Mayra I. Negrón-Roche, directora de operaciones de IBA, explicó que el edificio fue diseñado no solo para las necesidades actuales, sino también pensando en el crecimiento y la sostenibilidad a largo plazo. Según señaló, la organización ha crecido significativamente con los años, pasando de un pequeño equipo de entre 18 y 20 empleados a más de 50 en la actualidad.

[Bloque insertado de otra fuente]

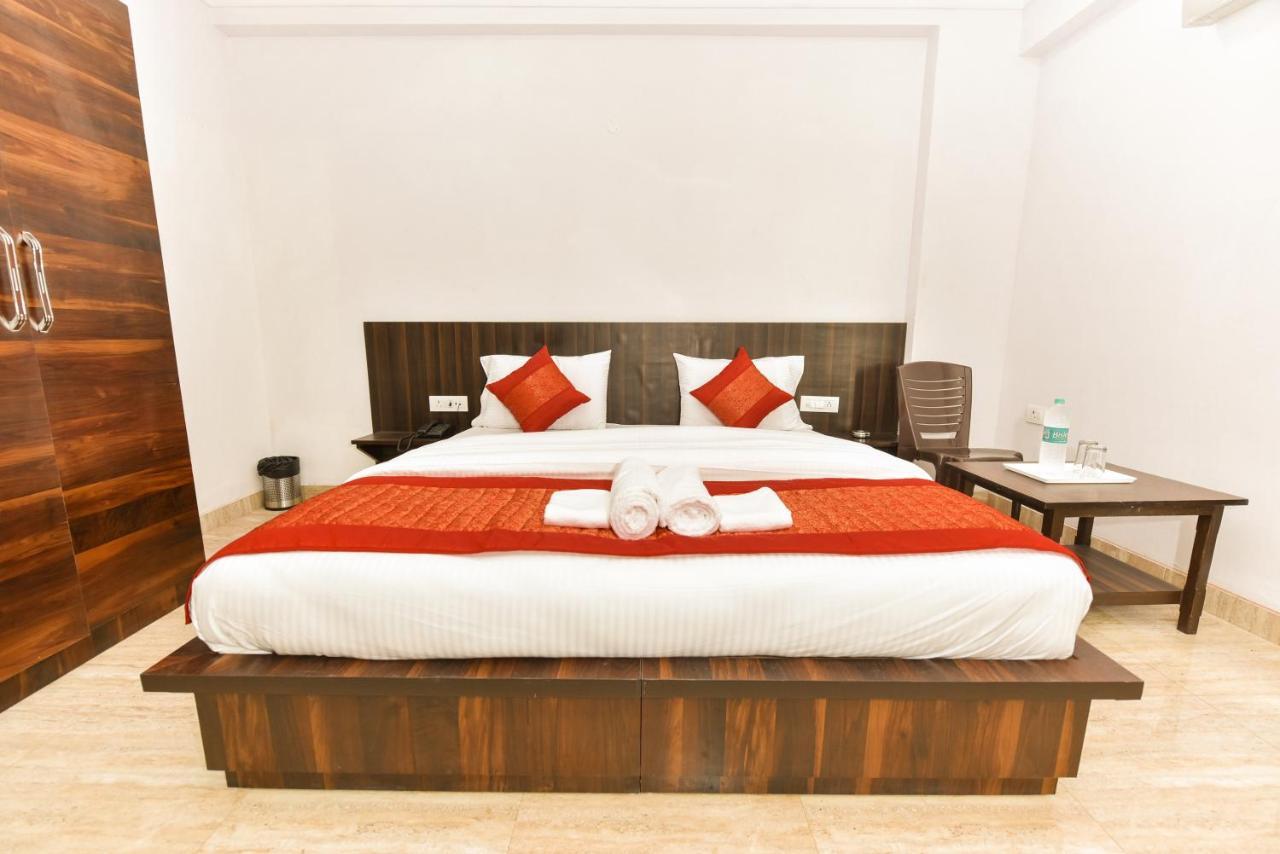 Hotel Luxury Collection Γκουργκάον Εξωτερικό φωτογραφία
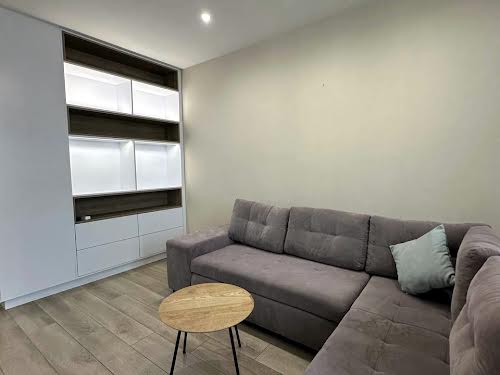 квартира за адресою Регенераторна вул., 4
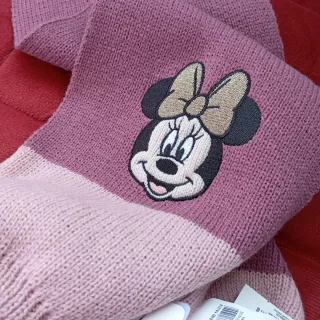 Sciarpa Minnie Mouse rosa/lilla con pon pon
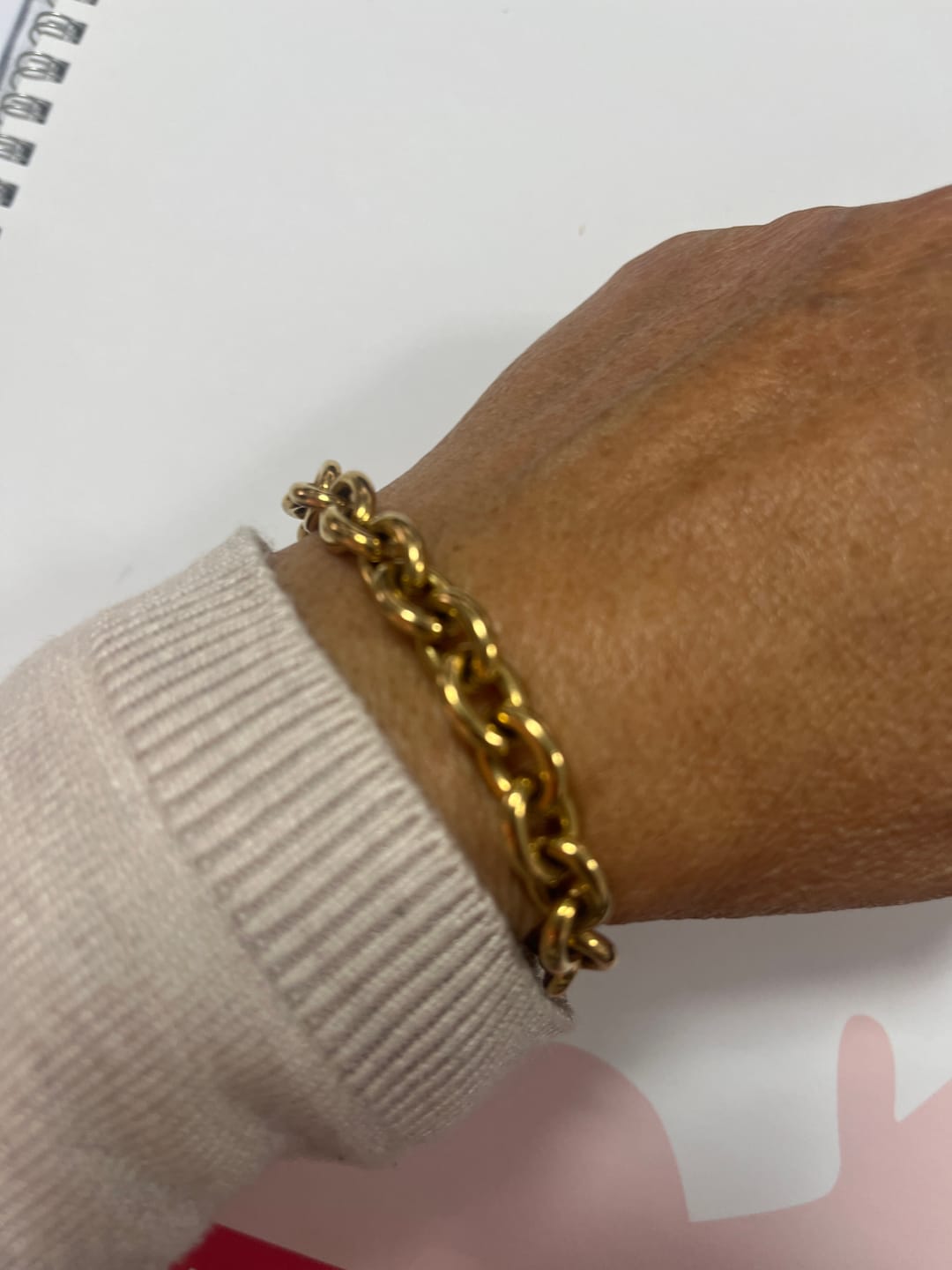 Customer photo review of Pulseira Ella Medium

“El diseño tiene que poder crecer con nosotros”, afirmó.

Un hogar para la cultura

Calderón-Rosado dijo que la visión detrás de La CASA está basada en la continuidad.

“Esperamos que lo que hemos construido se mantenga vivo en el presente y en el futuro, y que la próxima generación de artistas, activistas y líderes continúe este trabajo mucho después de que ya no estemos aquí”, afirmó. “Eso es lo que representa este espacio: una antorcha que se pasa hacia adelante”.

Al entrar a La CASA, los visitantes encuentran el mural Futuro en Acción, que cubre una pared completa del primer piso del edificio.

El artista Alvin Colón tenía apenas 11 años cuando una maestra de arte en Boston, la señora Jamie, lo apartó de las calles por primera vez y le dijo que lo que estaba creando en las paredes tenía valor. Ese apoyo temprano lo encaminó hacia convertirse en el artista que pintó Futuro en Acción.

El mural Futuro en Acción, del artista Alvin Colón, cubre una pared del primer piso y destaca la resiliencia del vecindario y el espíritu comunitario. Foto: Rosanna Marinelli.

Colón completó el mural en aproximadamente una semana y media, trabajando con acrílico y pintura en aerosol mientras residentes, jóvenes y adultos mayores del vecindario lo observaban pintar en tiempo real.

La obra refleja tanto su historia personal como la trayectoria de la comunidad, reuniendo la identidad puertorriqueña, las raíces caribeñas y momentos de organización en Villa Victoria, incluidas las protestas de 1968. El mural funciona como una línea de tiempo visual y un homenaje a la resiliencia del vecindario, basado en la idea de que el arte y la comunidad están profundamente conectados.

“Quería crear algo duradero, igual que La CASA”, dijo. “Un arte como este conecta directamente con la comunidad”.

La CASA busca ser un espacio donde IBA pueda adaptarse a las necesidades actuales mientras continúa sirviendo a la comunidad latina y al público en general. Su programación para el resto del año ya incluye 35 eventos programados hasta diciembre.